BEGIN

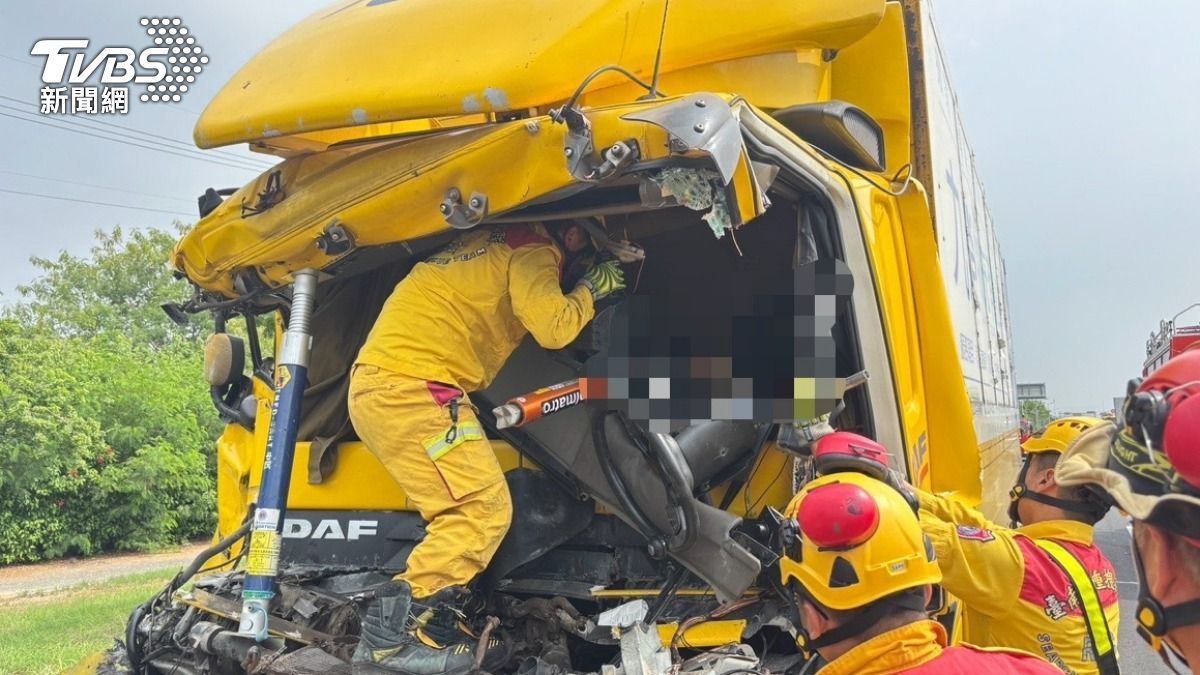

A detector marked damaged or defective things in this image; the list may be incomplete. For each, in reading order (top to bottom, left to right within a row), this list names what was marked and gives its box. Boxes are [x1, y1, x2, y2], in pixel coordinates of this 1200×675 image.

severely damaged truck [82, 1, 1020, 675]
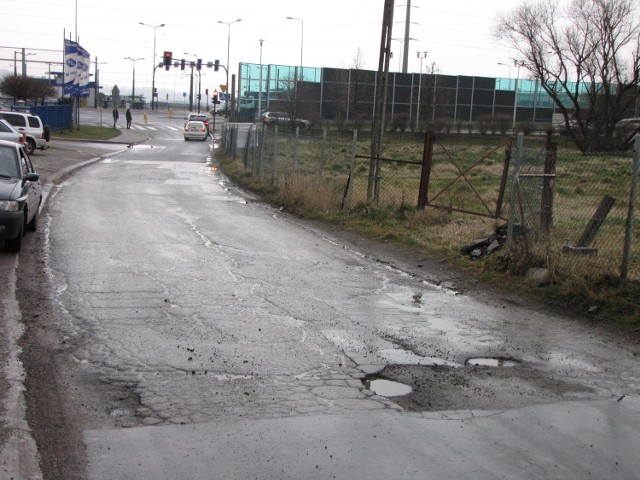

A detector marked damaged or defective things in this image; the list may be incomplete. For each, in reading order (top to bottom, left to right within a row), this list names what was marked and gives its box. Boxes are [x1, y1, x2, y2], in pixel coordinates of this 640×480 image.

water-filled pothole [362, 378, 412, 398]
pothole [362, 378, 412, 398]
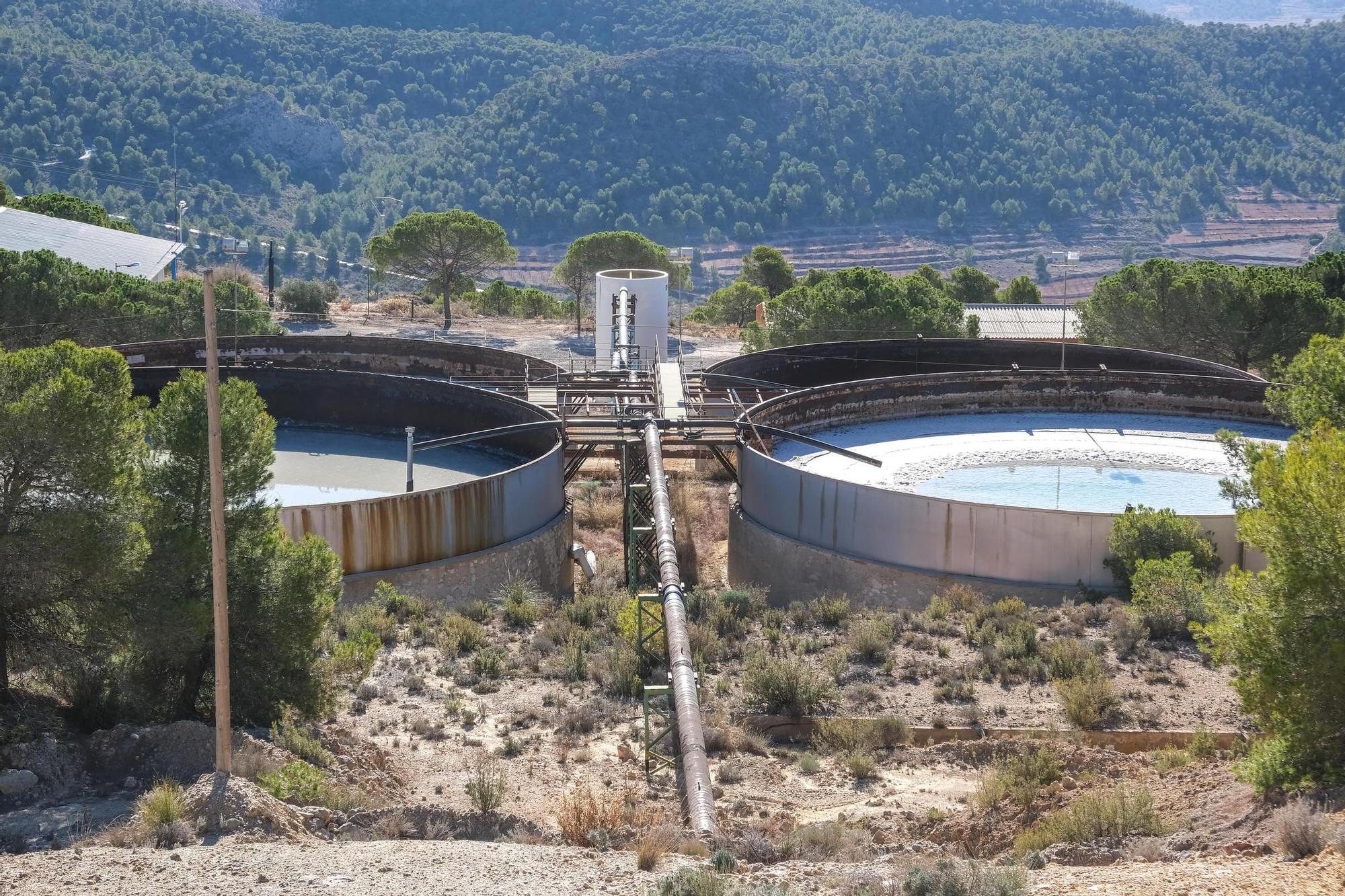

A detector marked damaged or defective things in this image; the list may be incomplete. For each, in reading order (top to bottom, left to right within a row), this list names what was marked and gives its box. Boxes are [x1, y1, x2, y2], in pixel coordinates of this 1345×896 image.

rusty tank wall [113, 331, 560, 379]
rusty tank wall [705, 336, 1259, 390]
rusty tank wall [128, 366, 565, 583]
rusty tank wall [732, 366, 1275, 597]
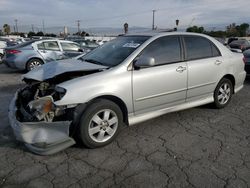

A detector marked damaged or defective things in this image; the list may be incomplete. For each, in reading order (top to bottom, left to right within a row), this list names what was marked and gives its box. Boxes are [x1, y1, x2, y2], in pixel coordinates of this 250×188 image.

crumpled hood [22, 58, 107, 81]
front bumper damage [8, 90, 75, 154]
damaged front end [8, 81, 77, 155]
cracked asphalt [0, 64, 250, 187]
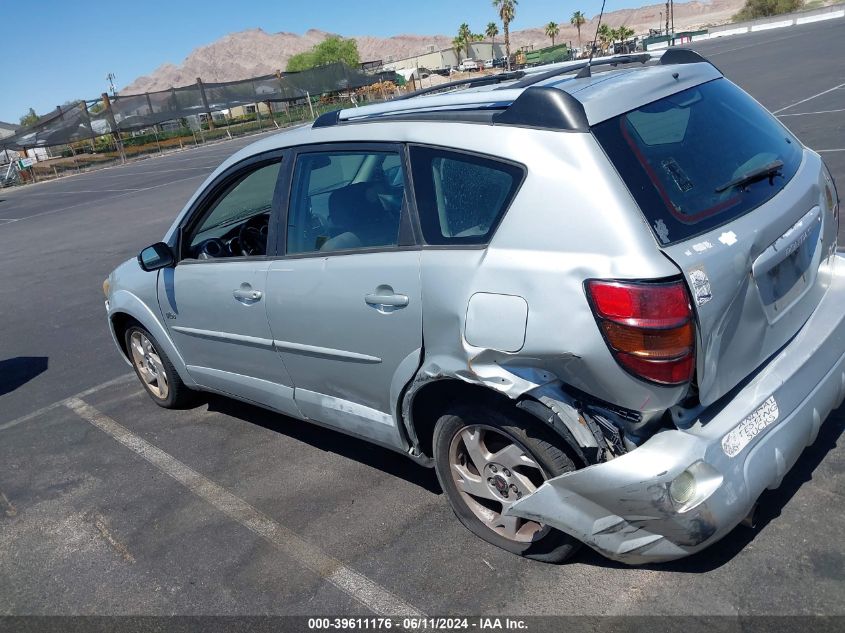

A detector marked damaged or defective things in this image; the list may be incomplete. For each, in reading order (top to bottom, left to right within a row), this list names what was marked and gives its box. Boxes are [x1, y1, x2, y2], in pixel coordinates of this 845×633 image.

END

Your reply should give again exactly the lines from the one with "this 1345×896 image." through the last line of the data, with both ends included and pictures left out.

Solved exercise
A detector marked damaged or defective things in this image; the list may be incomplete. For each, in reading order (top to bottom, left to right within a row), this list names what was marked and gives its box. Boxes are [x1, y1, x2, y2], in pixel coordinates of this 1345×896 image.

rusty tank wall [113, 331, 560, 379]
rusty tank wall [705, 336, 1259, 390]
rusty tank wall [128, 366, 565, 583]
rusty tank wall [732, 366, 1275, 597]

A detector marked damaged or defective things in this image; the list may be incomplete. For each, in reading order (top to bottom, left to right within a row), this list names what was marked and gives its box. Boxes are [x1, y1, x2, y2], in pixel coordinates of this 250×188 image.

crumpled hood [22, 58, 107, 81]
front bumper damage [8, 90, 75, 154]
damaged front end [8, 81, 77, 155]
cracked asphalt [0, 64, 250, 187]

A detector marked damaged or defective things in this image; the list may be incomplete. For each, in reading order (top to bottom, left to right within a row), this list names what was marked and gives its box. Boxes are [x1, y1, x2, y2], in pixel coordinates of this 845×633 image.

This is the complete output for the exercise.